Source data.
Content starts

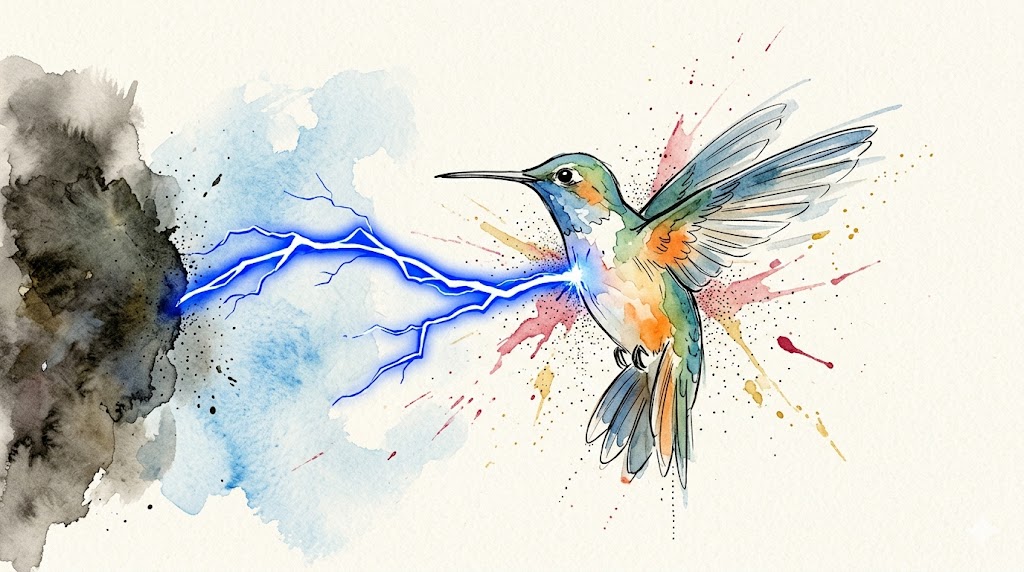 侵入者の影を鋭い青い雷で撃退し、自らの境界線を守り抜く瞬間の描写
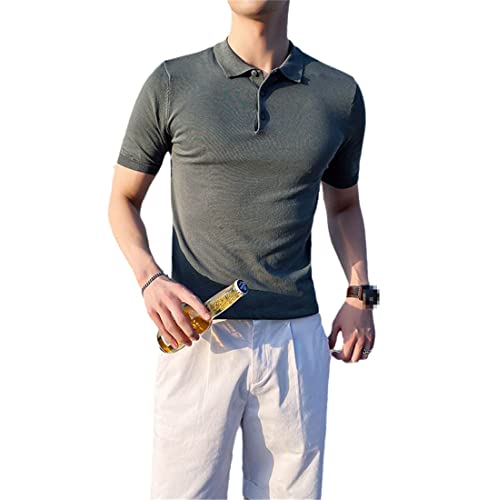 Polo homme manches courtes vert : tricot stretch en soie glacée M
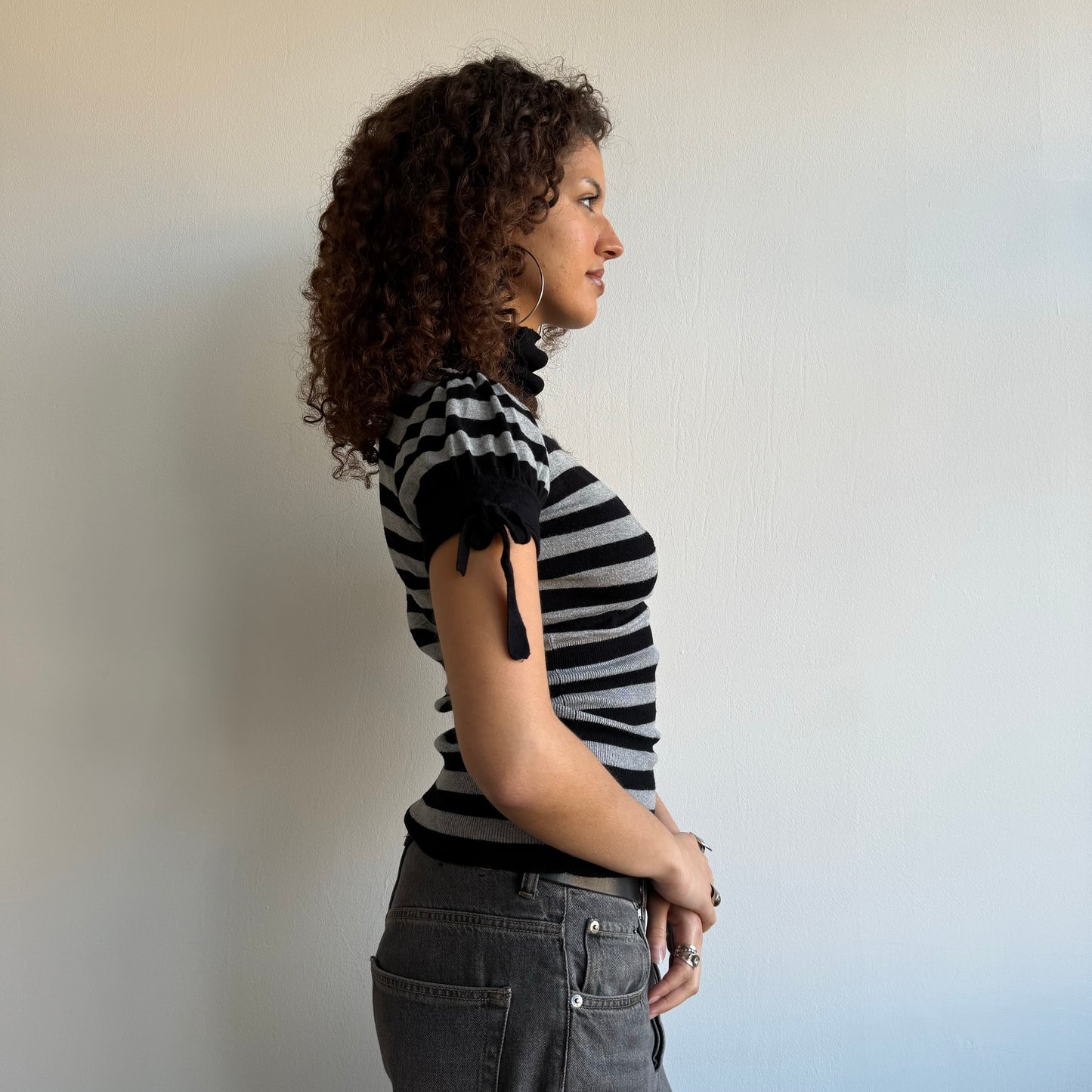 Grey striped roll neck - Size S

Content ends

Leave the pictures out, and please copy only the lines from the one with "Polo homme manches" through the end of the listing.

Response box.
 Polo homme manches courtes vert : tricot stretch en soie glacée M
 Grey striped roll neck - Size S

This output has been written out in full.